Through it, from the barren
desert in the south to the sea in the north, run a number of deep valleys or
‘wadies’, carved out centuries earlier by now-dried-up rivers at a time when
Libya’s climate was very different from that today.
In
one such wadi the 231st Medium Battery RA was stationed in the
spring of 1942 to oppose the advance into Egypt of General Rommel’s re-equipped
and reinvigorated Afrikakorps. Our eight
6in howitzers, pointing westwards, were in protective gunpits dug into the
valley floor. Round them were the bivvy
tents of the crew, erected over widened slit trenches that afforded a measure
of protection from bombardment and made them relatively comfortable sleeping
quarters. From time to time one or other of the two troops of four guns would
be ordered out into no-mans-land (officially it was called ‘the operational area’) for a day, to
shell and exchange fire with unseen enemy gun positions or troop concentrations
a few miles to our west. Both sides were testing the other’s strengths
and weaknesses in preparation for a major offensive.

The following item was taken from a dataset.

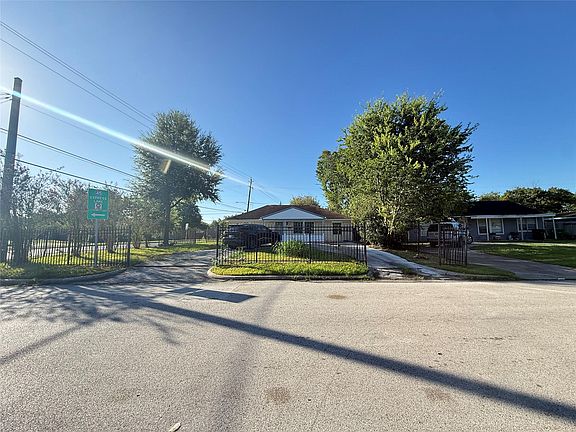 3rd image of 7562 Thurow St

A flooded gunpit near Gazala , Libya ,
March 1942. The gun barrel is almost concealed by camouflage netting swathing
the whole gunpit.
We were sure that it never rained in the Libyan
desert . Very occasionally though, it does! One night, I think it
must have been in March, black storm clouds blew in from the Mediterranean . Amid flashing lightning and the crash and
rumble of thunder the heavens opened and rain bucketed down, perhaps for a
couple of hours, perhaps longer. It was
long enough to transform our wadi from a long-dried-up river bed, to an active
fast-flowing river. The gunpits quickly
filled with water which rose to above the wheel axles of the guns. The trenches over which our bivvy tents were
erected were inundated, soaking our bedding and spare clothing.
Had
Rommel attacked that night there would have been little resistance. The weather
though is non-partisan. Rommel’s troops
were rendered impotent by that same storm.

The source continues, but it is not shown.